Our trip to Colorado was an experiment on two fronts.

  1. I used all of my strategies in making it the least expensive trip possible.
  2. It was just myself and the kids – no husband or friend to be the backup adult-in-charge or to give me an adult to talk to.

Regarding cost, the children and I flew to Denver (a nonstop, 2.5 hour flight), rented an SUV, and stayed in a hotel – in two adjoining rooms – for a grand total travel cost of $647.

Let me clarify that we still spent money on food and activities while we were there, and that is not included in the $647. That figure is for our three flights, our rental car, and our two hotel rooms for four nights.

Here’s how I did it:

  1. We went to Colorado because there was a great flight deal, and because Rocky Mountain National Park was on my list of field trips that we want to accomplish in the next four years. I knew about the great flight deal because I subscribe to Scott’s Cheap Flights, which sends me email alerts about great deals from my airport. The Denver flights, at $150 each, were labeled an “epic deal” and the lowest price they’d been in 3 years.
  2. When I booked my flight, straight through the airline’s website, they offered me a $300 statement credit if I opened a credit card. An important feature of using an airline’s credit card to book flights: not only did opening a credit card save me $300 on our flights (bringing our grand total for three flights down to $170), but it also gave us free checked bags for two people*, therefore saving us $120 ($30 each, each way.)* Our Colorado flights were through American Air; United Airline’s credit card gets you free checked bags for more than two people – I don’t know exactly how many, but I did this same credit card deal with United when we went to Montana, and got four people’s checked bags for free, saving $240 on baggage fees.
    Another note – these immediate cash off offers seem to only come up when you’re in the process of booking a flight – not by searching for them beforehand.
  3. For all of our normal purchases, both business and home, we use a credit card** that earns Marriott points. I discovered a decade ago that Marriott has the best perks for credit card points of any hotel line, and immediately dove into the deep end of maximizing them.
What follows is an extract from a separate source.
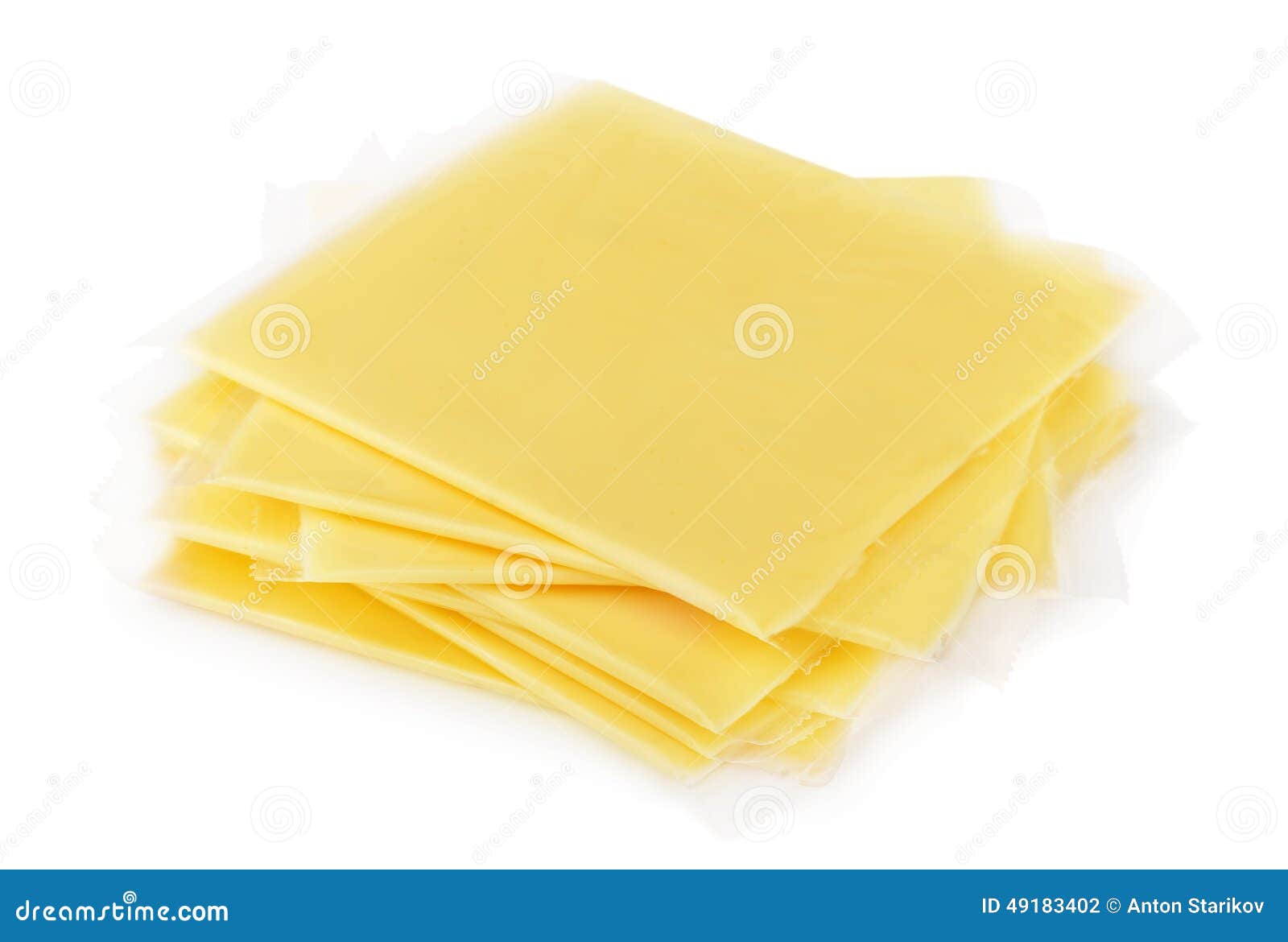 Sliced cheese stock photo. Image of objects, portion 49183402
Because of simply using credit cards well (i.e. I never allow a balance to carry forward and therefore never pay interest for the “privilege” of using the credit card), I am Titanium Elite status with Marriott, get guaranteed 4pm checkout, have more free nights than I can use, always get free breakfast, and many other perks each year. So our two adjoining hotel rooms for four nights were on points and completely free.
    This year in total, I have redeemed 17 nights of free stays (many at seriously nice hotels and resorts), and have already booked 17 more nights so far for next year, and still have six free unused nights in my account plus a good number of points.
    **The best Marriott point earning system is on the Amex Business Card (this referral link gets you the best welcome bonus I can find). We also use the Amex personal card (there’s not a good intro bonus on the one with a low annual fee right now) and the Chase personal card
  4. I don’t have any great money-saving strategies for rental cars (or at least not yet – feel free to pass any on), so our car was our highest travel expense, coming in at $477.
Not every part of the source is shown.